O trabalho buscou elucidar a aglomeração industrial da cidade de Santa Rita do Sapucaí,

Minas Gerais. De acordo com a literatura, a aglomeração industrial gera benefícios de

localização para as empresas, formando vantagens competitivas ligadas à mão de obra,

especialização e transbordamentos de conhecimentos. O setor de eletrônica possui um caráter

de transversalidade e está presente em países com estruturas produtivas mais consolidadas. No

Brasil seu desenvolvimento é incipiente, porém, no Vale da Eletrônica, existe um número de

empresas que juntas desenvolvem produtos em diversos nichos do setor, como segurança,

biomédicas, telefonia, entre outros.

As vantagens desse arranjo estão intimamente ligadas ao esforço de formação de mão de obra

especializada em eletrônica, de nível técnico e superior, o que reintera a noção que a

facilidade de difusão e compartilhamento de conhecimento são características próprias de tais

modelos.

Conformou-se no Vale uma estrutura produtiva bastante complexa e diversificada, com

empresas que se situam em estágios bastante distintos de desenvolvimento, mesmo que com

algumas características em comum.
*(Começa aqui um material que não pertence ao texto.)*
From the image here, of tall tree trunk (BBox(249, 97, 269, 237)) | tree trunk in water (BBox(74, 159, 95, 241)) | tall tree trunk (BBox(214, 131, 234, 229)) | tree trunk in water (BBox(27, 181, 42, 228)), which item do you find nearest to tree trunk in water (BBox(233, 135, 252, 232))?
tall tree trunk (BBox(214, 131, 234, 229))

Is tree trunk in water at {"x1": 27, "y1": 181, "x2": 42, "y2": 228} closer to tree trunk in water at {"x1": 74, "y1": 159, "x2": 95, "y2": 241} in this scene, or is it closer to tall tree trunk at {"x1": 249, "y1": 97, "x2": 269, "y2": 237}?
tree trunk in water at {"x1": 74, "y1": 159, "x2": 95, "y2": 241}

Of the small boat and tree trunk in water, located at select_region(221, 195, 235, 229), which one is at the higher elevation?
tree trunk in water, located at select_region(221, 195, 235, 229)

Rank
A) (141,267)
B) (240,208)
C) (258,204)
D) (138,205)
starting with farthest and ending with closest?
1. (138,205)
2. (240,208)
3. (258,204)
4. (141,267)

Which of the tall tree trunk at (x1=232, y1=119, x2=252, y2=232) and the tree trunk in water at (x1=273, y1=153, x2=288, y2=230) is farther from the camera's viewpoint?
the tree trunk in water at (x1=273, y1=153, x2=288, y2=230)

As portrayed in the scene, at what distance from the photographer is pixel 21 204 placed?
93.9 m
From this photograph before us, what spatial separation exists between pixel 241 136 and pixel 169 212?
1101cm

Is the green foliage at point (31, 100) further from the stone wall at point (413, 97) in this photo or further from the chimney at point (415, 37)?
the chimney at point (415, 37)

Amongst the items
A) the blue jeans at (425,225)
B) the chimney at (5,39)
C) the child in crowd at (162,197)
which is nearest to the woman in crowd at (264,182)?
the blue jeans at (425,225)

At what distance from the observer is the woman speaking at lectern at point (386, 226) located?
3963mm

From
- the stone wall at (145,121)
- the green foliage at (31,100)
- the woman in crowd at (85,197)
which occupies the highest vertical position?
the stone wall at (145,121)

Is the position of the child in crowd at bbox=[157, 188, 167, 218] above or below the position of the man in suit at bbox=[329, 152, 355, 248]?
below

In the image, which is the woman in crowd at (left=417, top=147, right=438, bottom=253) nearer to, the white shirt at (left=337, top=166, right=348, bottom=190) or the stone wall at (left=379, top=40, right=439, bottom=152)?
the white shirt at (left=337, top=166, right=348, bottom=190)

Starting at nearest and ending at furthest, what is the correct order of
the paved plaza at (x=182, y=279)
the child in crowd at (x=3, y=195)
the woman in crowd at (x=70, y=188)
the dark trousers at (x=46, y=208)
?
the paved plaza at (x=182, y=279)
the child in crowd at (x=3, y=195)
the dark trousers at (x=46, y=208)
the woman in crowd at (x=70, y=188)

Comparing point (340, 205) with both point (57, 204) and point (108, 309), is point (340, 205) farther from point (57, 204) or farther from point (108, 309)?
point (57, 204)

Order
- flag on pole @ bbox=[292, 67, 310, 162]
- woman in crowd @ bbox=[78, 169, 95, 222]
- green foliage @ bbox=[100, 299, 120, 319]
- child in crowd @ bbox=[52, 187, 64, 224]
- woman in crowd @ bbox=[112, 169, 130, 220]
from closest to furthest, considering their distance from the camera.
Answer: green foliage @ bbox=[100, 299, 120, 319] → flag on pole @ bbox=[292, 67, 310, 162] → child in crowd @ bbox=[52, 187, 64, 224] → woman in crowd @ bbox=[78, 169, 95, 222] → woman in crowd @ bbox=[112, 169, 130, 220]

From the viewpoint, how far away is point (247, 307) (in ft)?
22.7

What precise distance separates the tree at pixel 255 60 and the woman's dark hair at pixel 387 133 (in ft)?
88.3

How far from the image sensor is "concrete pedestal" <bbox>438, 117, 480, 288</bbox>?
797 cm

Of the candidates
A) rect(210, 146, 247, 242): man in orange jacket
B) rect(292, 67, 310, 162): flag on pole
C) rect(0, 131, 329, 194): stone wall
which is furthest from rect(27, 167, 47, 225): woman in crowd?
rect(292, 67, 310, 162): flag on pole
A apresentação e a análise do cenário atual da cidade,

através da tipologia proposta, permite identificar um conjunto de oportunidades, mas também

desafios.

Problemas de extensionismo industrial, que visam melhorias contínuas; empreendedorismo,

principalmente na gestão comercial e empresarial; financiamento; formação de mão de obra,

em áreas correlatas, como mecânica e manufatura; e acesso a informações tecnológicas e de

comércio podem ser identificadas como passíveis a intervenção de políticas públicas. Uma

vez que, como já apontado anteriormente, estas em sistemas locais de produção levam ao

reforço dos benefícios da aglomeração industrial.